The program was known as The Solidarity Tax on Wealth (STW) and was part of the then-governing Socialist party’s (ahem) electoral program. While the tax was abolished in 1986 by the right-wing government of Jacques Chirac, it was later revitalized in 1988 with slightly different terms.
What was the effect of the STW? It wasn’t pretty. This controversial measure left a hole in the country; critics claim it drove away wealthy individuals from the state, resulting in a net financial loss. In 2006 alone, it is estimated that over 800 people left France because of the tax, resulting in a net loss of €2.8 billion.
In truth, during the reign of the STW, the wealthy left France in droves. Estimates from 2017 from the French government say that some 10,000 people with €35 billion worth of assets left the country from 2002 to 2017 for tax reasons. What’s more, French economist Eric Pichet estimated that the outflows were much more substantial.
As the wealthy moved abroad, the government lost revenues from the STW, along with a range of other taxes they would have paid. Pichet’s calculations of what it made and what it lost show that, under the STW, France garnered about €3.5 billion per year, while losing €7 billion annually from reductions in other taxes.
Over a dozen European countries tried using wealth taxes, but nearly all of these countries have since repealed them for the same reasons as the French did. These others include Austria, Denmark, Finland, Germany, Iceland, Ireland, Italy, the Netherlands, Luxembourg, and Sweden.
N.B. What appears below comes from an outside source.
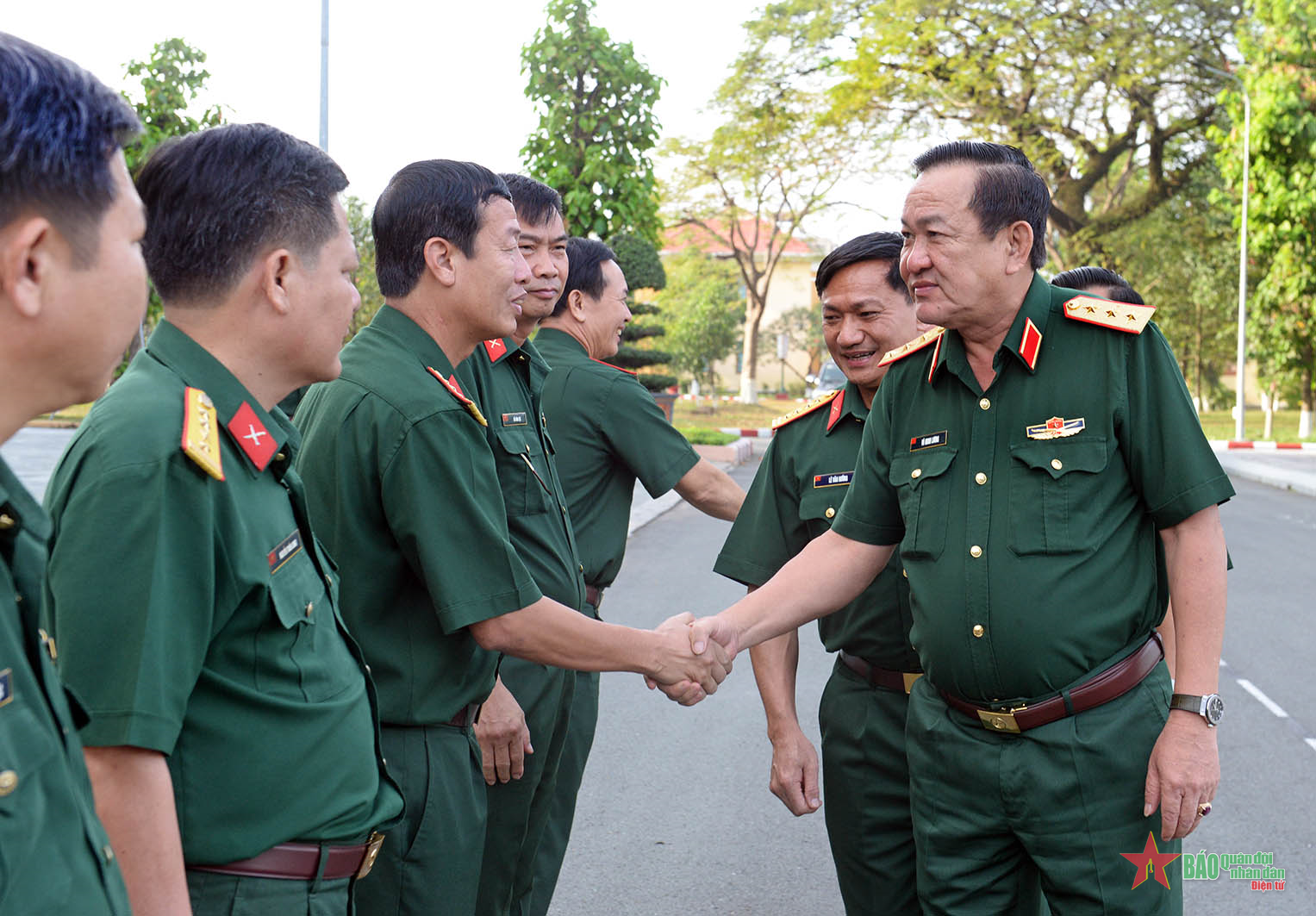 Thượng tướng Võ Minh Lương kiểm tra, chúc tết một số đơn vị phía Nam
Today, some version of a wealth tax survives only in Norway, Spain, and Switzerland.
Other than the “tax flight” problem, there are more logistical concerns when talking about any wealth tax.
When we talk about taxing the upper 1%, we have to consider where their wealth, or assets, is held. They don’t just have silos of cash behind their houses. And while they may live in uber-expensive homes and have luxury toys like yachts, they didn’t spend themselves dry on these things. All of these items, along with their shares of publicly traded stocks, would be easy to tax.
But that’s not the whole of how the wealthy live. About 73% of the wealth for Americans in the top .1%, point one percent is in public and private businesses. I can tell you both as a business owner and in working with business owners, that this is where a massive portion of wealth lives is in this country.
How easy would it be for our government to assess the value of a family’s engineering business? Or staffing, HVAC, trucking or insurance company? These businesses don’t trade like stocks – they are illiquid and take a long time to value, sell and move.
Plus, these assets are directly responsible for jobs. So, it doesn’t make sense to have business owners sell off little chunks of their companies every time Uncle Sam comes knocking.
My bottom line on the wealth tax is this: Europe, far closer to Socialism than we are here, tried it, and even they couldn’t make it work. The wealthy just moved elsewhere. In the end, wealth taxes have cost more than they have generated. And there’s no easy way to put a dollar figure on investments in both public and private businesses. Do Warren and Sanders think we could remedy this issue with yet another IRS form?
A wealth tax in America won’t work. And, in my humble opinion, in our free market, Capitalist economy, it feels downright un-American.